Il ne me connaissait pas tant que ça, on dirait…

— Je suis désolé mais j’aurais pu l’être, il y a dix-sept ans. Quoique je ne sois pas sûr que je fusse un bon père à l’époque. Ni maintenant, assurément. Toujours est-il que vous arrivez trop tard. Vous sortez de nulle part et êtes voué à y rester.

— N’est-ce pas votre faute ?

— Certes, peut-être. Oui, je suis coupable. Mais le fait est là. Je ne vous connais même pas. Je n’ai pas choisi votre prénom avec votre mère, je ne vous ai pas rendormi lorsque vous faisiez des cauchemars, je ne vous ai pas appris à faire du vélo, vous vous êtes forgé comme un homme, sans mon aide. Vous n’avez pas vraiment besoin de moi. Il faut vous faire une raison : certains naissent handicapés, dans les poblaciones puantes et sales, affamés et malades, allant travailler pendant des heures pour un salaire de misère, mangeant des repas dégoutants et s’amusant de plaisirs sordides à qui ils doivent de survivre à l’Absurde. Par les temps qui courent les orphelins sont légions. Devant l’abondance de la souffrance, chacun peut apprivoiser la sienne et s’en faire une alliée, voire une amie, n’est-ce pas ?

— Mais eux ont perdu leurs parents. Vous, vous êtes là.

— Cela revient au même. On peut vivre sans père. Et puis je suis un Quijote qui n’a pas besoin de son Sancho à sauver de la folie. La place n’est pas à pourvoir, que ferais-je avec vous ? Vous surgissez, là…

— Et ?

— J’ai été enchanté de faire votre connaissance — lui dis-je en lui tendant la main pour mettre fin à cette conversation, déjà sur mes pieds, prêt à partir.

— Monstre !

— Quidam.

— Monstre ! MONSTRE !

— Qu’espériez-vous : m’emmener et me marier à votre mère ? Reconstruire un passé et inventer un avenir ?

— Est-ce impossible ?

— C’est stupide. Etre père c’est venir calmer des pleurs lorsqu’un enfant en a besoin, suivre les premiers pas hésitants d’un bipède maladroit, suivre ses aventures imaginaires, se réjouir de ses géniaux progrès scolaires, craindre, attendre, patienter, sermonner, reprendre, … je n’ai rien fait de tout cela.

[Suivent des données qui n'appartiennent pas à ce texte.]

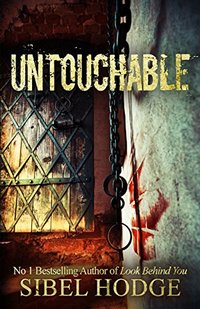Untouchable: A chillingly dark psychological thriller
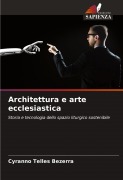 Cover-Bild zum Titel 'Architettura e arte ecclesiastica' von 'Cyranno Telles Bezerra'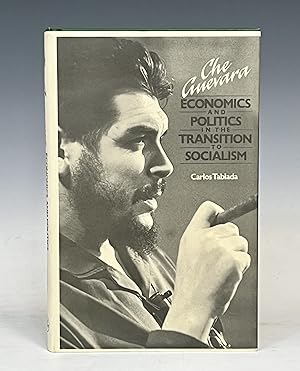 Che Guevara: Economics and Politics in the Transition to Socialism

— Est-il trop tard ? Justement, maintenant que vous savez que j’existe, il faudrait ne plus perdre de temps encore.

— Et votre mère, ne s’est-elle jamais mariée ?

— Non. Sa grossesse a été sa chute. Vous l’avez perdue. Personne n’a voulu d’elle. Et de moi, surtout. Elle n’a jamais pu refaire sa vie.

— Refaire ? Faire voulez-vous dire ? Elle et moi n’avons fait que l’amour. Et vous m’avez retrouvé peut-être, mais ne m’avez pas gagné. Je ne suis le père de personne, Monsieur.

— Monstre ! Monstre ! Monstre ! Monstre ! Monstre ! Monstre ! Monstre ! Monstre ! Monstre ! Monstre !

Sur le banc, il a quand même laissé une carte avec son adresse à Concepción, le fanfaron, en partant.